[[ Exercise data open ]]

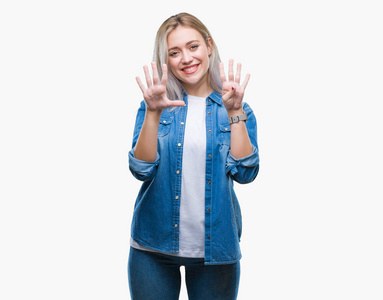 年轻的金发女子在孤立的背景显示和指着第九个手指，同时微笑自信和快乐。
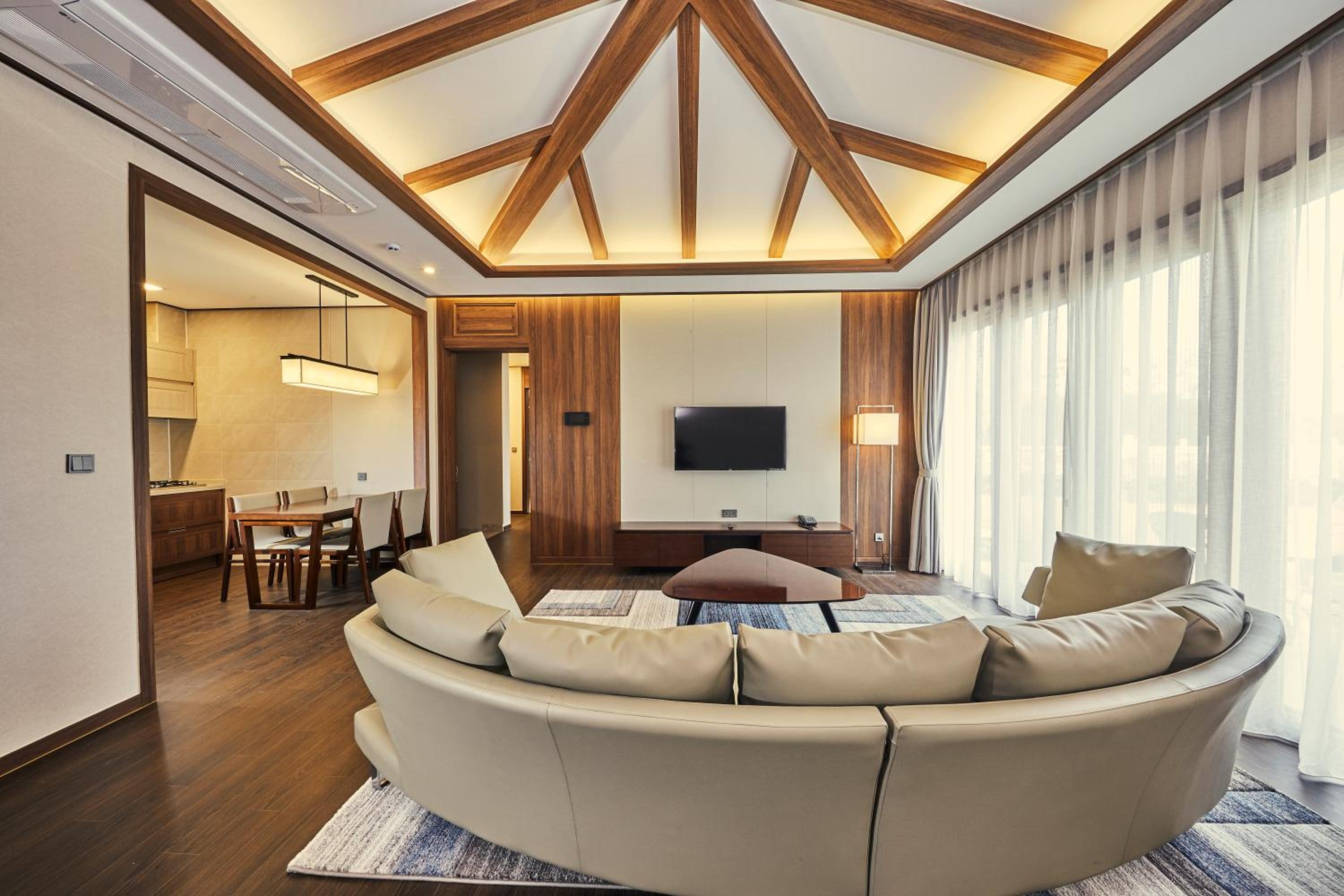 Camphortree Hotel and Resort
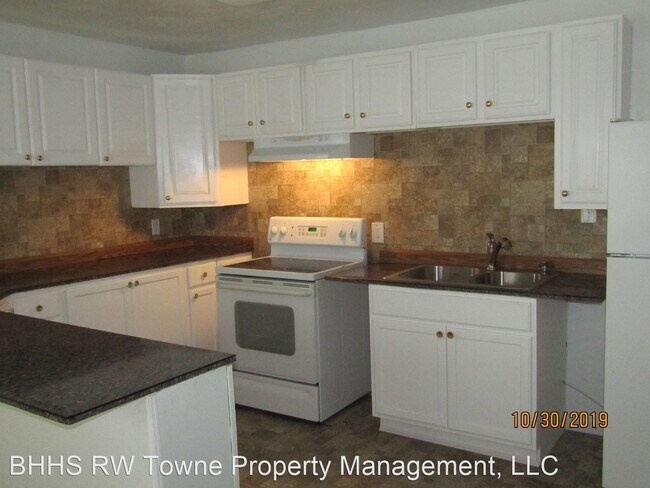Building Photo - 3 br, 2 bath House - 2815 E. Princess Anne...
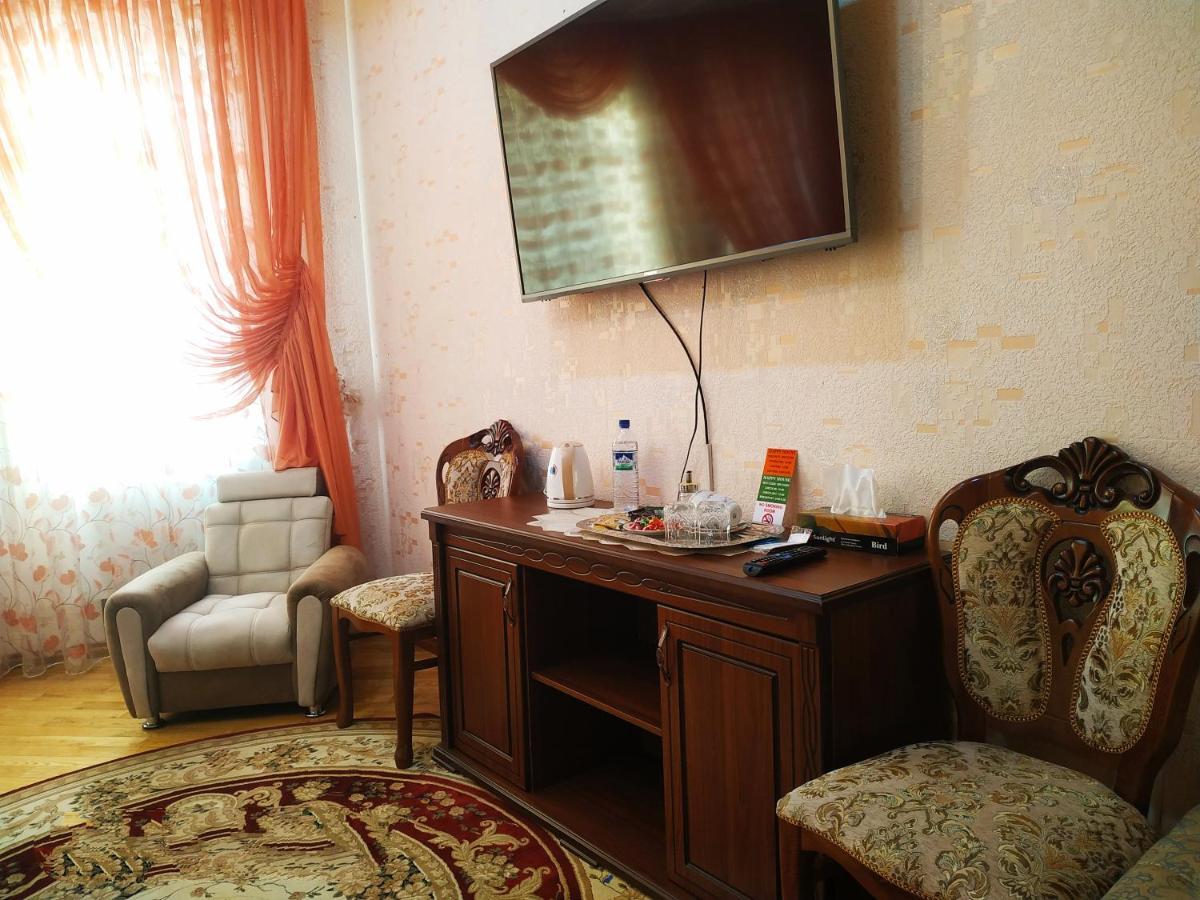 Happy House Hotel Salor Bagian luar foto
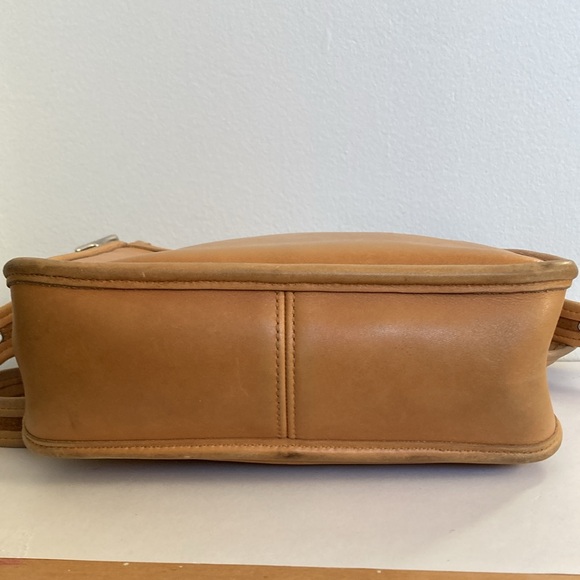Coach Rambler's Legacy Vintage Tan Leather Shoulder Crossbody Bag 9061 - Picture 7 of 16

[[ Exercise data closed ]]

### The problem
With the pictures omitted, the records above are to be repeated exactly.

### Task solution
 年轻的金发女子在孤立的背景显示和指着第九个手指，同时微笑自信和快乐。
 Camphortree Hotel and Resort
Building Photo - 3 br, 2 bath House - 2815 E. Princess Anne...
 Happy House Hotel Salor Bagian luar foto
Coach Rambler's Legacy Vintage Tan Leather Shoulder Crossbody Bag 9061 - Picture 7 of 16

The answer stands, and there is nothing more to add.